May 23 2012

OMG I so want to play with this Google Doodle, but I don’t dare because I’m at work.

Rosemary

But YOU can.

Everything works… In Firefox, anyway. Possibly not in Internet Explorer…


May 20 2012

Still at it.

Rosemary

Yep: at Starbucks, getting some writing in before hitting the gym.

Me plus coffee (not pictured).

I cannot, alas, skip the gym. The six months of overtime from hell has left me weak and knotted up. Luckily, gym-time is reading-time, so there’s a built-in reward!

Hey, I got a car! I’ll post a picture of it shortly. 2002 Subaru Impreza GT. Power everything, plus sunroof. I’m still recovering from the monetary shock. I have to rethink my plans for the rest of the year.

Other news: usually my friends Ann Tonsor Zeddies and Geary Gravel and I get together for a few days after some convention, but this year we all skipped Boskone, so we just went ahead and met con-less.

We normally spend an evening doing collages… then last year we tried masks…

This year, while wandering through the craft store looking for supplies, I spotted some boxes made to look like books and had a brain storm.

Voila:

Well, heck -- I guess you can collage any damn thing!

Ann’s book-box seems to be called “Every Hour Should Be Happy”

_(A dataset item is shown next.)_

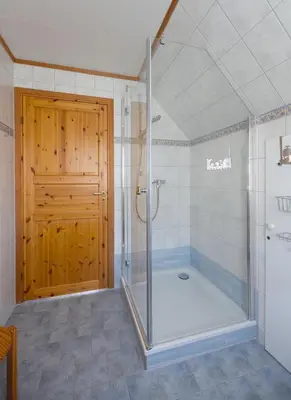 Ein Badezimmer in der Unterkunft Haus Hühnergott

Of course, I'm a sucker for maps

And within:

A nautilus is a cephalopod. Ann knows from cephalopods.

And:

Geary’s box seems to be called The Alchemists.

After Geary's first novel

Something of the wonder and mystery of that novel is reflected here...

Of course, this is an actual scene from the book, and one of my favorites.

My contribution:

This seems to be called The Black Box

But not, I must point out, the black box from a crashed airplane.

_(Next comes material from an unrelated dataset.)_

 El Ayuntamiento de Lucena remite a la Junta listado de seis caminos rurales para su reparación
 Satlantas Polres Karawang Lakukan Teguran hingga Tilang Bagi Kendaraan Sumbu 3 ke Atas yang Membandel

It's the programmer's black box.

With a black box, you know what goes in, and you know what comes out...

...but what happens between is invisible.

Something is there.

I really like how these turned out. In fact, I like mine so much that I really wish I’d executed it more carefully and precisely, and made it a more worthy object to preserve. But we tend to throw our collages together in fits of inspiration, outracing any hesitancy or self-censoring, and and perfection is not the point.

Still, I might make this a Thing I Do.